■ PROVIDED RECORDS ■
------------------------------------------------------------------------
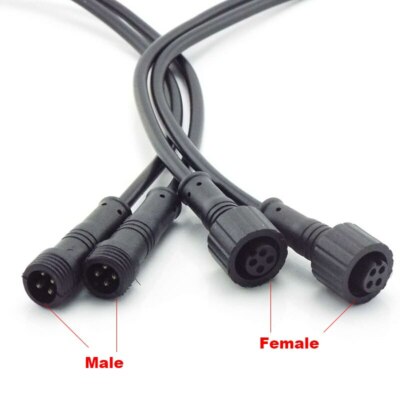 2/3/4 Pin IP65 Cable Wire Plug waterproof Strips DC Male Female Connector Cord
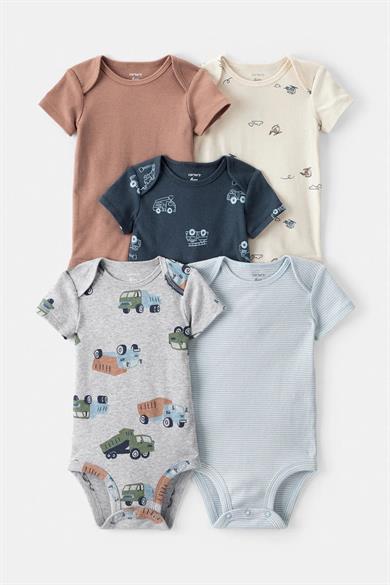 Carter Erkek Bebek Desenli Kısa Kollu 5li Body Set Krem-Kahverengi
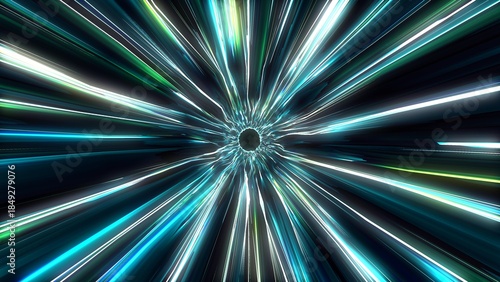 Foto A tunnel flying at the speed of light from multi-colored blue and white moving light strips and energy beams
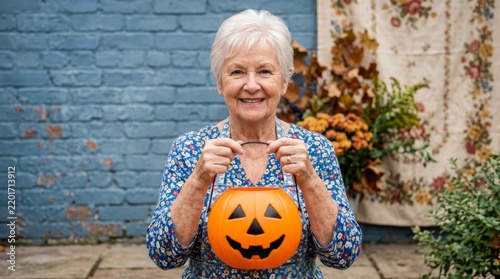 Happy Senior Grandmother Holding Halloween Jack O Lantern Bucket for Trick or Treat Celebration Outdoors in Autumn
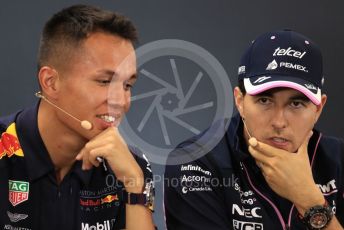 World © Octane Photographic Ltd. Formula 1 – Belgium GP. FIA Drivers Press Conference. Aston Martin Red Bull Racing – Alexander Albon and SportPesa Racing Point - Sergio Perez. Circuit de Spa Francorchamps, Belgium. Thursday 28th August 2019.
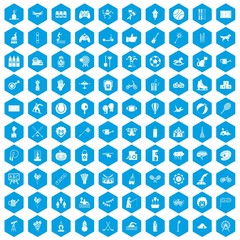 100 kids activity icons set in blue hexagon isolated vector illustration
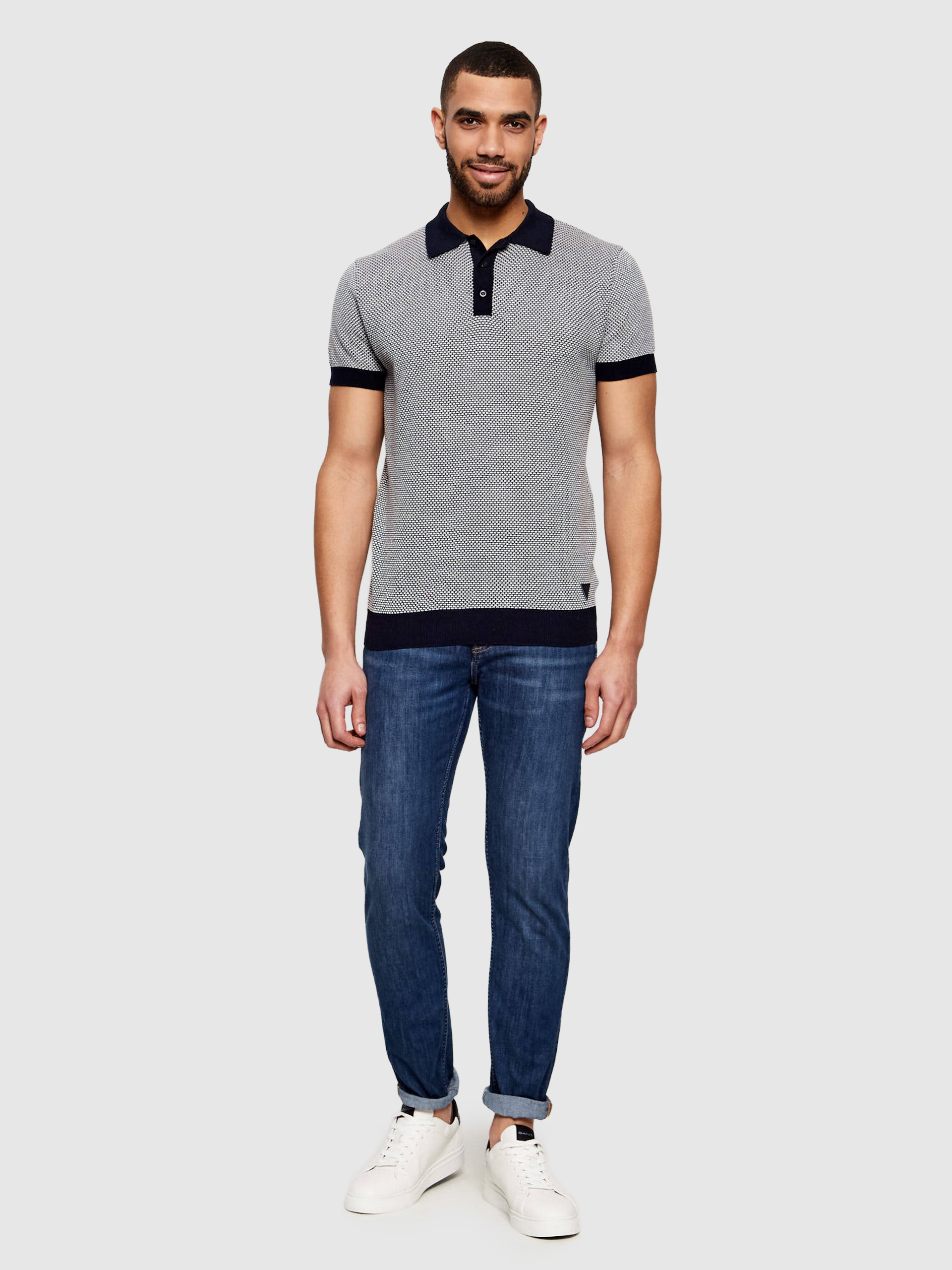 Polo Shirt Man Navy Blue Guess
------------------------------------------------------------------------
■ EXERCISE REQUIREMENTS ■
No pictures should appear in the copy. Reproduce exactly the lines from the line containing "100 kids activity" through the last line of the data, inclusive.

■ ANSWER TO THIS EXERCISE ■
 100 kids activity icons set in blue hexagon isolated vector illustration
 Polo Shirt Man Navy Blue Guess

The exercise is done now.